Iran sends first home-built satellite into orbit
The launch comes at a time when Iran is defiantly refusing UN Security Council demands to freeze sensitive nuclear work.Tehran -- Iran said on Tuesday it has launched its first home-built satellite into orbit, in a move that raised fresh concerns in an international community already at odds with Tehran over its nuclear drive.
"Dear Iranians, your children have put the first indigenous satellite into orbit," a jubilant President Mahmoud Ahmadinejad said on state television after a launch coinciding with the 30th anniversary of the Islamic revolution. "With this launch the Islamic Republic of Iran has officially achieved a presence in space."
The Omid (Hope) satellite was sent into space on Monday evening carried by the home-built Safir-2 space rocket, local news agencies reported.
In the first foreign reaction, France expressed concern because the technology used was "very similar" to that employed in ballistic missiles. "We can't but link this to the very serious concerns about the development of military nuclear capacity," foreign ministry spokesman Eric Chevallier said in Paris.
A British Foreign Office spokeswoman said London was investigating the launch. "We are still carrying out a technical analysis of the Iranian launch," she said. "Concerns about Iran are considerable given that it's in breach of five UN resolutions relating to its nuclear and ballistic missile program".

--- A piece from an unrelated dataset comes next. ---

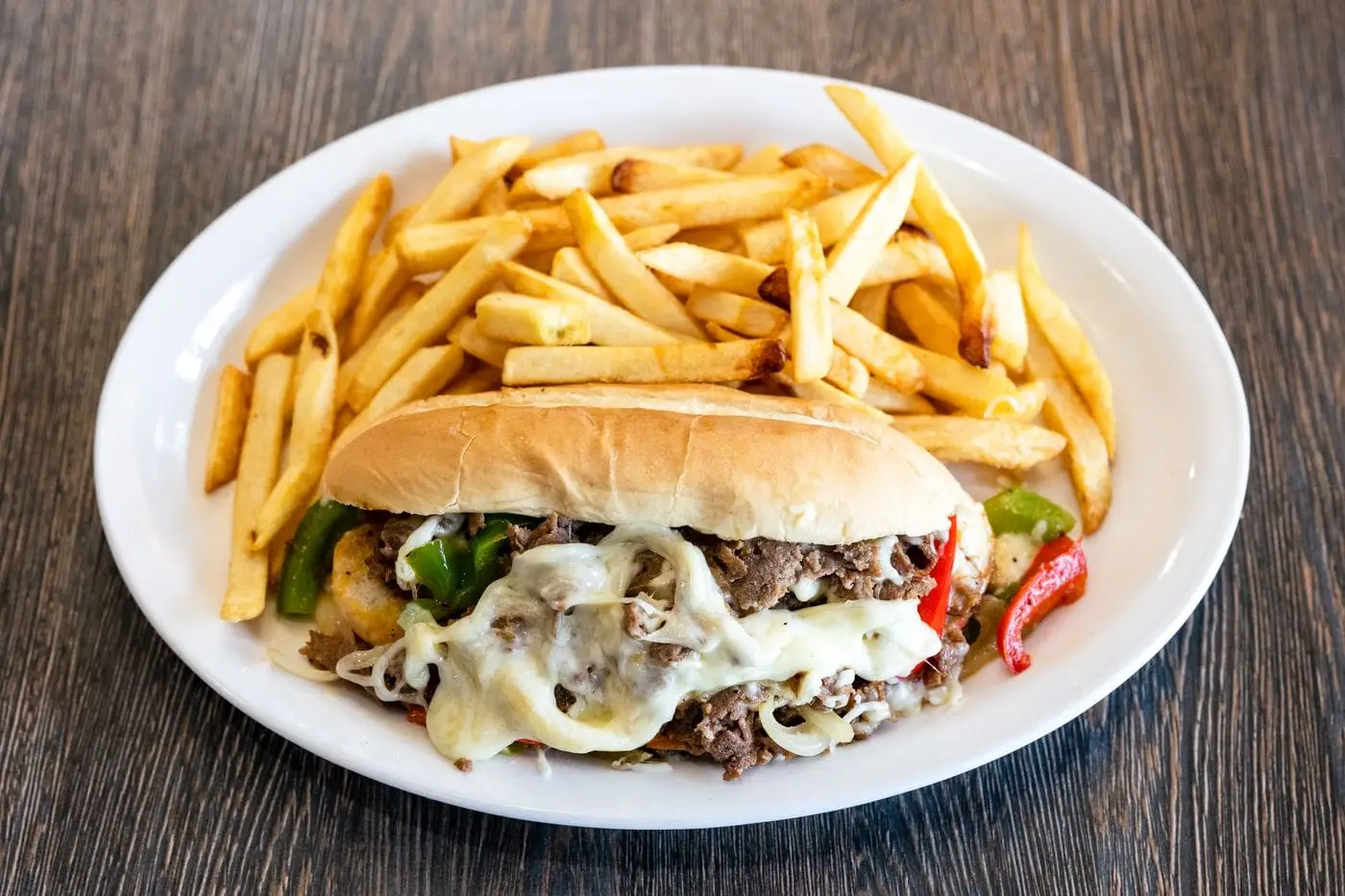 Philly cheesesteak with melted cheese and peppers on a roll with fries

The launch comes at a time when Iran is defiantly refusing UN Security Council demands to freeze sensitive nuclear work.
The West suspects Iran of secretly trying to build an atomic bomb and fears the technology used to launch a space rocket could be diverted into development of long-range ballistic missiles capable of carrying nuclear warheads.
Iran vehemently denies the charges, saying its nuclear program is for peaceful energy purposes and that it has the right to the technology already in the hands of many other nations including its arch nemesis the United States.
Ahmadinejad said the satellite carried a message of "peace and brotherhood" to the world and dismissed suggestions that Iran's space program had military goals. "We have a divine view of technology unlike the dominating powers of the world who have satanic views," he said.
In Addis Ababa, on the sidelines of an African Union summit, Iranian Foreign Minister Manouchehr Mottaki said the satellite would enable Tehran to receive "environmental data," adding that, "the technological capacity of Iran is meant to meet the needs of the country."
Ahmadinejad has made scientific development one of the main themes of his presidency, asserting that Iran has reached a peak of progress despite international sanctions and no longer needs help from foreign states.
The state news agency IRNA said the satellite would take orbital measurements and would circle the Earth 15 times every 24 hours.
Iranian aerospace expert Asghar Ebrahimi said Omid has an elliptical orbit of minimum of 250 kilometers (156 miles) and maximum 400 kilometers.
The launch comes on the eve of a meeting in Germany on Wednesday of senior diplomats from six world powers who are due to discuss the Iranian nuclear standoff, with Tehran still defying calls for a freeze on uranium enrichment.
New American President Barack Obama said last month shortly after taking office that he was willing to extend the hand of diplomacy to Iran, after 30 years of severed diplomatic relations.
Iran sent its first Safir rocket into space in August. It is about 22 meters (72 feet) long, with a diameter of 1.25 meters (a little over four feet) and weighs more than 26 tons.
Iran's most powerful military missile, the Shahab-3, has a diameter of 1.30 meters and measures 17 meters in length. It has a range of 2,000 kilometers (1,250 miles) -- putting Israeli and American forces in the region within reach.
Last year, Iran triggered concern in the West when it said it had sent a probe into space on the back of a rocket to prepare for a satellite launch. It also announced the opening of its space station in a remote western desert.
Iran has pursued a space program for several years and, in October 2005, a Russian-made Iranian satellite named Sina-1 was put into orbit by a Russian rocket.
Reza Taghipour, head of the Iranian space agency, said Iran would launch another satellite carrier by the end of the Iranian year on March 20.